▶ Requirement:
Copy each entry below exactly. No images.

▶ Excerpted records:
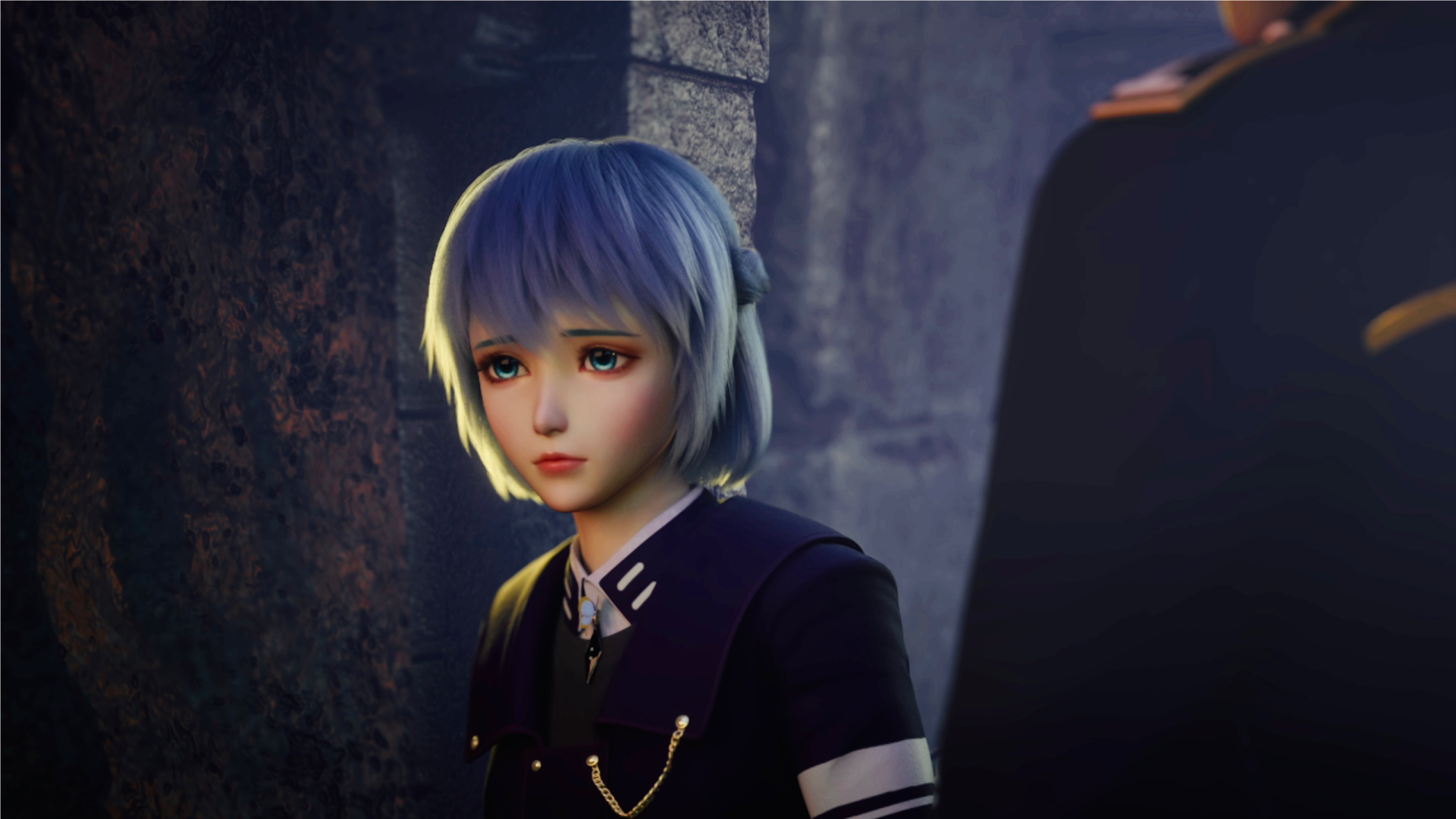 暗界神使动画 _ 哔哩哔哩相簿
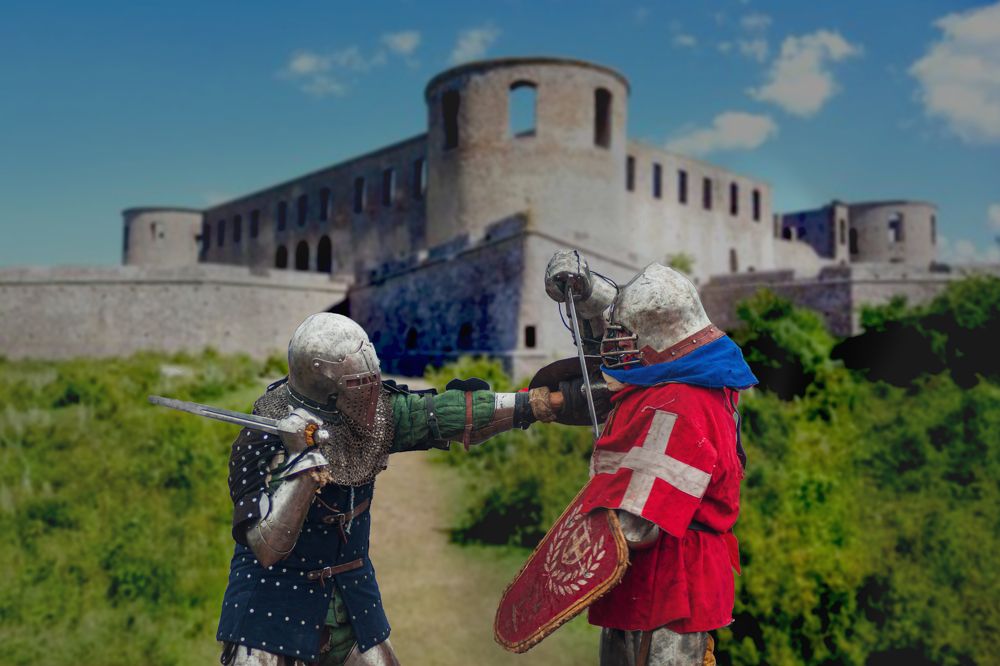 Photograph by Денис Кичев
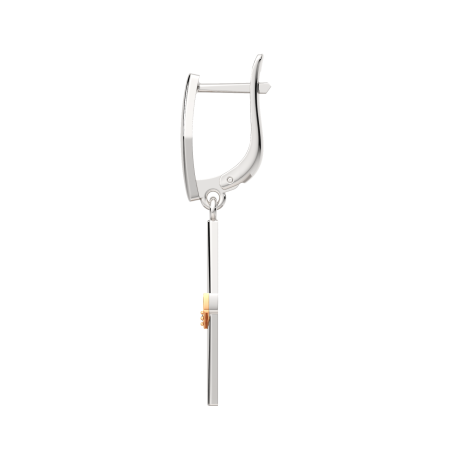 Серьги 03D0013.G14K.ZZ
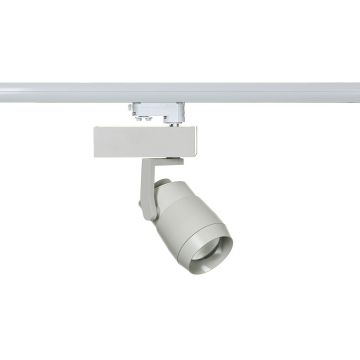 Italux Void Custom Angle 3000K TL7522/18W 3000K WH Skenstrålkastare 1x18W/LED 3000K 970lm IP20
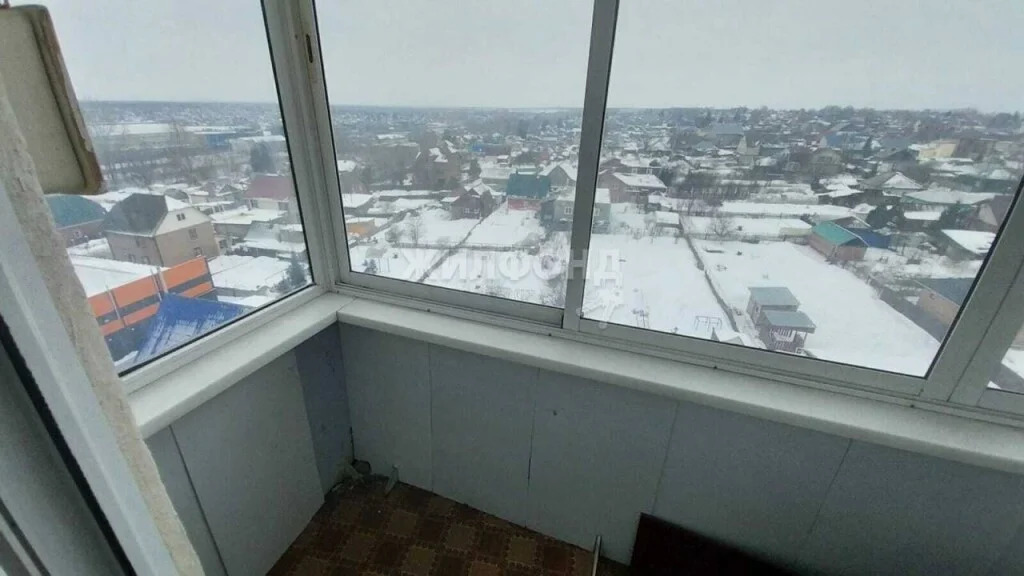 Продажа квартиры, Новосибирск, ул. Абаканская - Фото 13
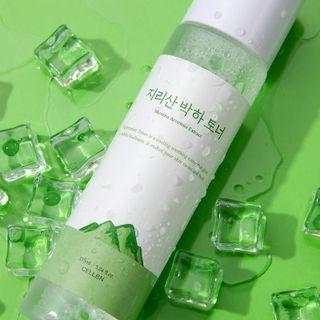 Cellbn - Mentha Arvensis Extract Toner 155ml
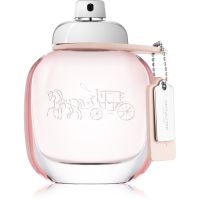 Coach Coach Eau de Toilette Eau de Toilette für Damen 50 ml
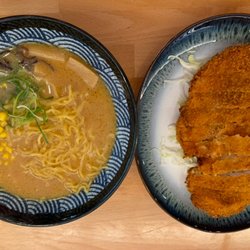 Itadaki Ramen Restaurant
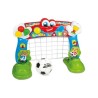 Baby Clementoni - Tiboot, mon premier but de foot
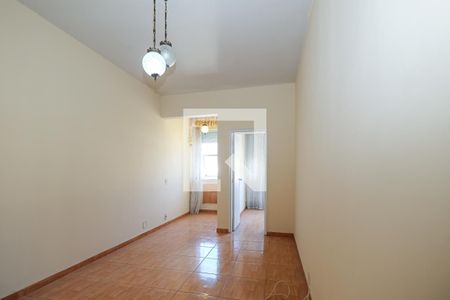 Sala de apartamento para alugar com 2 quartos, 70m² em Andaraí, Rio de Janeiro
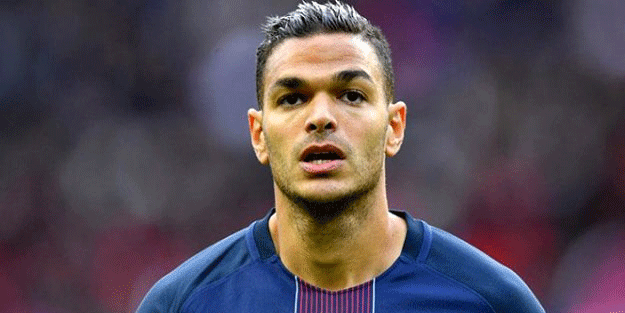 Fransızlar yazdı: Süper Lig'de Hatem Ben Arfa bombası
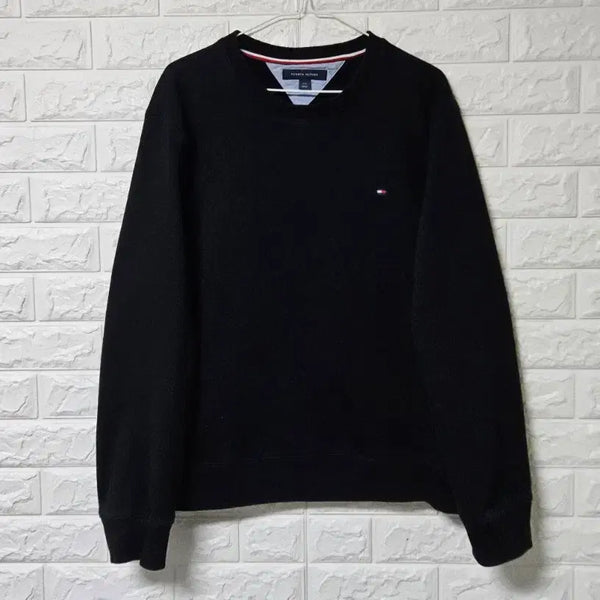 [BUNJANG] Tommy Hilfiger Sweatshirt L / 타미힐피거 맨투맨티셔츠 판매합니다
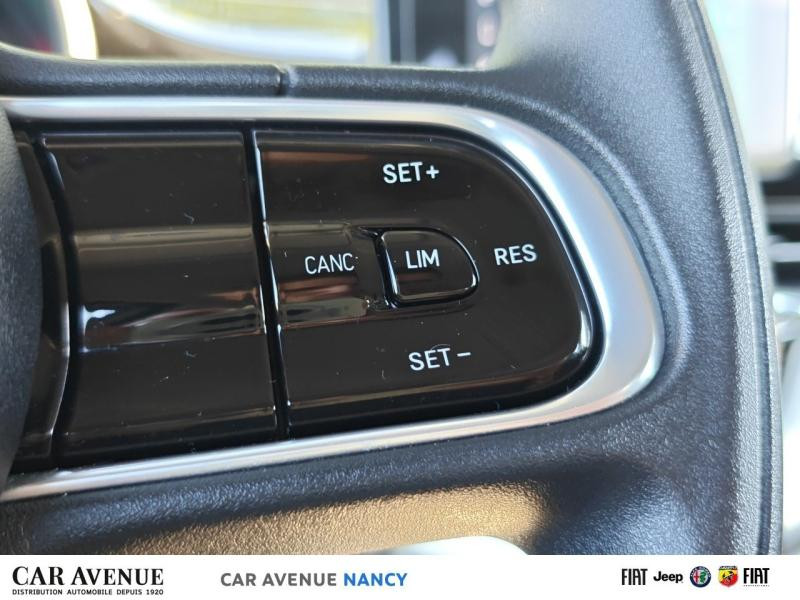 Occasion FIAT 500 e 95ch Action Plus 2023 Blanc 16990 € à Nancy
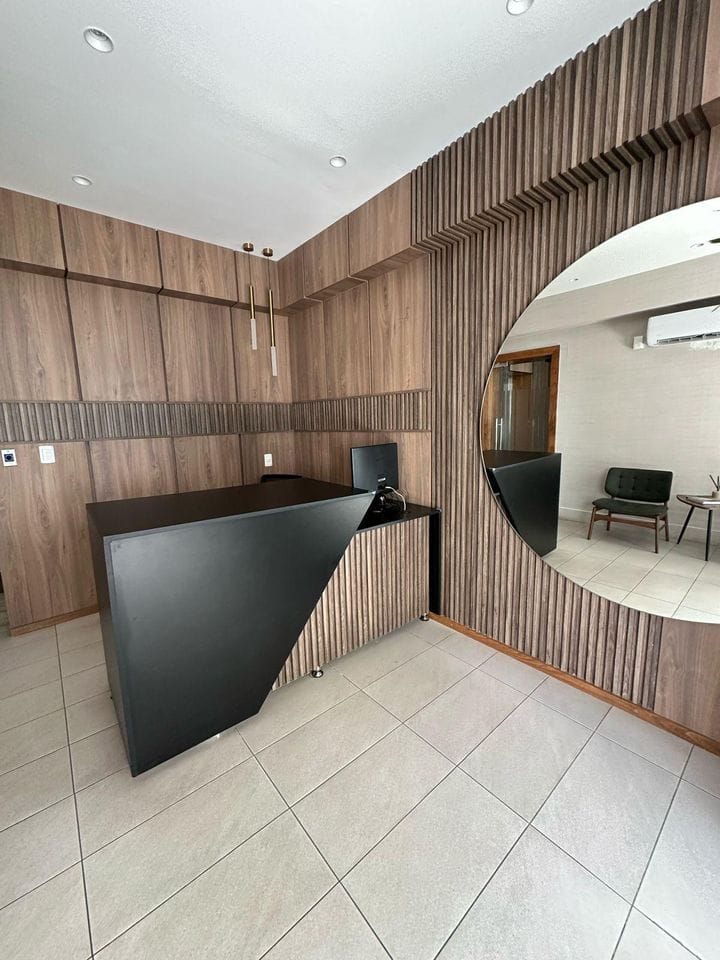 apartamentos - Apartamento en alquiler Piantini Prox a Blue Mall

▶ Answer section:
 暗界神使动画 _ 哔哩哔哩相簿
 Photograph by Денис Кичев
 Серьги 03D0013.G14K.ZZ
 Italux Void Custom Angle 3000K TL7522/18W 3000K WH Skenstrålkastare 1x18W/LED 3000K 970lm IP20
 Продажа квартиры, Новосибирск, ул. Абаканская - Фото 13
 Cellbn - Mentha Arvensis Extract Toner 155ml
 Coach Coach Eau de Toilette Eau de Toilette für Damen 50 ml
 Itadaki Ramen Restaurant
 Baby Clementoni - Tiboot, mon premier but de foot
 Sala de apartamento para alugar com 2 quartos, 70m² em Andaraí, Rio de Janeiro
 Fransızlar yazdı: Süper Lig'de Hatem Ben Arfa bombası
 [BUNJANG] Tommy Hilfiger Sweatshirt L / 타미힐피거 맨투맨티셔츠 판매합니다
 Occasion FIAT 500 e 95ch Action Plus 2023 Blanc 16990 € à Nancy
 apartamentos - Apartamento en alquiler Piantini Prox a Blue Mall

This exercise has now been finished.